• PROBLEM TO SOLVE: Every line of the material is to be given again exactly.
· · · · ·
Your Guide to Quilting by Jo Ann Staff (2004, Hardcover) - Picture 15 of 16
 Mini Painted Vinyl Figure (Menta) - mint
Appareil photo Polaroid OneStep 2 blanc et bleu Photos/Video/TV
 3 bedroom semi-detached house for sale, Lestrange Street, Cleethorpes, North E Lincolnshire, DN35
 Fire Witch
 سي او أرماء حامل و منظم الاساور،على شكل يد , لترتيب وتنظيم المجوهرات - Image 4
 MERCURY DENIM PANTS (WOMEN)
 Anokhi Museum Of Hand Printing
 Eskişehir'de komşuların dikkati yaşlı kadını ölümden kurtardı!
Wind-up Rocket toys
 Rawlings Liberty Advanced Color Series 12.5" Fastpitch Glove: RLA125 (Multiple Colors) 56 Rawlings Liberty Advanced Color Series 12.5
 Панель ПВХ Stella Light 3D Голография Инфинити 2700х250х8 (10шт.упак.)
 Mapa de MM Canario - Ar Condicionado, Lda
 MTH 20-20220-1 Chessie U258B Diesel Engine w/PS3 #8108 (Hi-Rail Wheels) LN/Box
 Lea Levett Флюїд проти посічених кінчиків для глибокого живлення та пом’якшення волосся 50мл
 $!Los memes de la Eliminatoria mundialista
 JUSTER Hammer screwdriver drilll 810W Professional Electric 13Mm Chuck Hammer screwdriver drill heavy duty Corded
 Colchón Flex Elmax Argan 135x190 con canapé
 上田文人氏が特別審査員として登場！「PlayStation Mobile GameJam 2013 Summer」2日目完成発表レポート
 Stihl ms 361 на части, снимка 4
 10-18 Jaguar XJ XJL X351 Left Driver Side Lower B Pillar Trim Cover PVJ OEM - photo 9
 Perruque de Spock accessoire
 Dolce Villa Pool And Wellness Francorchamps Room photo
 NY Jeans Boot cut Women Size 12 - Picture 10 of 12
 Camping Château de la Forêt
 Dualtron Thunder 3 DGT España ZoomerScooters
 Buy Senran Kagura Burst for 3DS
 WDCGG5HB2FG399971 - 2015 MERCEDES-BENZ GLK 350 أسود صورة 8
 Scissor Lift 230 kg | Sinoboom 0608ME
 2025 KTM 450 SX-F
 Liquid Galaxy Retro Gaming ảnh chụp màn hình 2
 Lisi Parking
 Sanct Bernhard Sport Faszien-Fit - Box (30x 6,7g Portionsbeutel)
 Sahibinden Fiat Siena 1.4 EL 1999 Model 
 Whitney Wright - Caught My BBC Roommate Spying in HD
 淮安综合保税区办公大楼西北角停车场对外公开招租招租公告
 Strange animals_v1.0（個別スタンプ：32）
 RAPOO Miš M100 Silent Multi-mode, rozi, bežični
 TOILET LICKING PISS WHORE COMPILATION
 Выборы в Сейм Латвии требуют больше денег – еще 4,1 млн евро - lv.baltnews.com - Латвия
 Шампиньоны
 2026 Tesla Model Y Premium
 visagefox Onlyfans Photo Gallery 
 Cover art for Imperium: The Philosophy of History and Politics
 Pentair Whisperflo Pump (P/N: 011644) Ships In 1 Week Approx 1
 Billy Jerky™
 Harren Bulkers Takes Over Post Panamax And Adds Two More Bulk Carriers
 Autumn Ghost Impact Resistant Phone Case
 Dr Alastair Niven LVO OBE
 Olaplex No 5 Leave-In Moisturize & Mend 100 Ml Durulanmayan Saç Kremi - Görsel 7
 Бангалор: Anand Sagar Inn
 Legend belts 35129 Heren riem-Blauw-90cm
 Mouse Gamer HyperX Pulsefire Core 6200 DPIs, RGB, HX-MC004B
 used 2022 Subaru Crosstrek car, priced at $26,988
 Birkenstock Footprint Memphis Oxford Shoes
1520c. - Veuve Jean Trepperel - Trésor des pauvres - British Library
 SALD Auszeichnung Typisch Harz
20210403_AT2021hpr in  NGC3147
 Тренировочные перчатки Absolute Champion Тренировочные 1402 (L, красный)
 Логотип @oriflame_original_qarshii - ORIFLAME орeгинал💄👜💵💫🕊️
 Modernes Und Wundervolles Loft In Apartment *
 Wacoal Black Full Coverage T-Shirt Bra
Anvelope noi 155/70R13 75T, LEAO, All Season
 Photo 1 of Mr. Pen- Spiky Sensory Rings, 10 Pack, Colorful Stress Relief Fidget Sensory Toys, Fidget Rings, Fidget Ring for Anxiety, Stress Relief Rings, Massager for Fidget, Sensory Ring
· · · · ·
• EXERCISE OUTPUT:
Your Guide to Quilting by Jo Ann Staff (2004, Hardcover) - Picture 15 of 16
 Mini Painted Vinyl Figure (Menta) - mint
Appareil photo Polaroid OneStep 2 blanc et bleu Photos/Video/TV
 3 bedroom semi-detached house for sale, Lestrange Street, Cleethorpes, North E Lincolnshire, DN35
 Fire Witch
 سي او أرماء حامل و منظم الاساور،على شكل يد , لترتيب وتنظيم المجوهرات - Image 4
 MERCURY DENIM PANTS (WOMEN)
 Anokhi Museum Of Hand Printing
 Eskişehir'de komşuların dikkati yaşlı kadını ölümden kurtardı!
Wind-up Rocket toys
 Rawlings Liberty Advanced Color Series 12.5" Fastpitch Glove: RLA125 (Multiple Colors) 56 Rawlings Liberty Advanced Color Series 12.5
 Панель ПВХ Stella Light 3D Голография Инфинити 2700х250х8 (10шт.упак.)
 Mapa de MM Canario - Ar Condicionado, Lda
 MTH 20-20220-1 Chessie U258B Diesel Engine w/PS3 #8108 (Hi-Rail Wheels) LN/Box
 Lea Levett Флюїд проти посічених кінчиків для глибокого живлення та пом’якшення волосся 50мл
 $!Los memes de la Eliminatoria mundialista
 JUSTER Hammer screwdriver drilll 810W Professional Electric 13Mm Chuck Hammer screwdriver drill heavy duty Corded
 Colchón Flex Elmax Argan 135x190 con canapé
 上田文人氏が特別審査員として登場！「PlayStation Mobile GameJam 2013 Summer」2日目完成発表レポート
 Stihl ms 361 на части, снимка 4
 10-18 Jaguar XJ XJL X351 Left Driver Side Lower B Pillar Trim Cover PVJ OEM - photo 9
 Perruque de Spock accessoire
 Dolce Villa Pool And Wellness Francorchamps Room photo
 NY Jeans Boot cut Women Size 12 - Picture 10 of 12
 Camping Château de la Forêt
 Dualtron Thunder 3 DGT España ZoomerScooters
 Buy Senran Kagura Burst for 3DS
 WDCGG5HB2FG399971 - 2015 MERCEDES-BENZ GLK 350 أسود صورة 8
 Scissor Lift 230 kg | Sinoboom 0608ME
 2025 KTM 450 SX-F
 Liquid Galaxy Retro Gaming ảnh chụp màn hình 2
 Lisi Parking
 Sanct Bernhard Sport Faszien-Fit - Box (30x 6,7g Portionsbeutel)
 Sahibinden Fiat Siena 1.4 EL 1999 Model 
 Whitney Wright - Caught My BBC Roommate Spying in HD
 淮安综合保税区办公大楼西北角停车场对外公开招租招租公告
 Strange animals_v1.0（個別スタンプ：32）
 RAPOO Miš M100 Silent Multi-mode, rozi, bežični
 TOILET LICKING PISS WHORE COMPILATION
 Выборы в Сейм Латвии требуют больше денег – еще 4,1 млн евро - lv.baltnews.com - Латвия
 Шампиньоны
 2026 Tesla Model Y Premium
 visagefox Onlyfans Photo Gallery 
 Cover art for Imperium: The Philosophy of History and Politics
 Pentair Whisperflo Pump (P/N: 011644) Ships In 1 Week Approx 1
 Billy Jerky™
 Harren Bulkers Takes Over Post Panamax And Adds Two More Bulk Carriers
 Autumn Ghost Impact Resistant Phone Case
 Dr Alastair Niven LVO OBE
 Olaplex No 5 Leave-In Moisturize & Mend 100 Ml Durulanmayan Saç Kremi - Görsel 7
 Бангалор: Anand Sagar Inn
 Legend belts 35129 Heren riem-Blauw-90cm
 Mouse Gamer HyperX Pulsefire Core 6200 DPIs, RGB, HX-MC004B
 used 2022 Subaru Crosstrek car, priced at $26,988
 Birkenstock Footprint Memphis Oxford Shoes
1520c. - Veuve Jean Trepperel - Trésor des pauvres - British Library
 SALD Auszeichnung Typisch Harz
20210403_AT2021hpr in  NGC3147
 Тренировочные перчатки Absolute Champion Тренировочные 1402 (L, красный)
 Логотип @oriflame_original_qarshii - ORIFLAME орeгинал💄👜💵💫🕊️
 Modernes Und Wundervolles Loft In Apartment *
 Wacoal Black Full Coverage T-Shirt Bra
Anvelope noi 155/70R13 75T, LEAO, All Season
 Photo 1 of Mr. Pen- Spiky Sensory Rings, 10 Pack, Colorful Stress Relief Fidget Sensory Toys, Fidget Rings, Fidget Ring for Anxiety, Stress Relief Rings, Massager for Fidget, Sensory Ring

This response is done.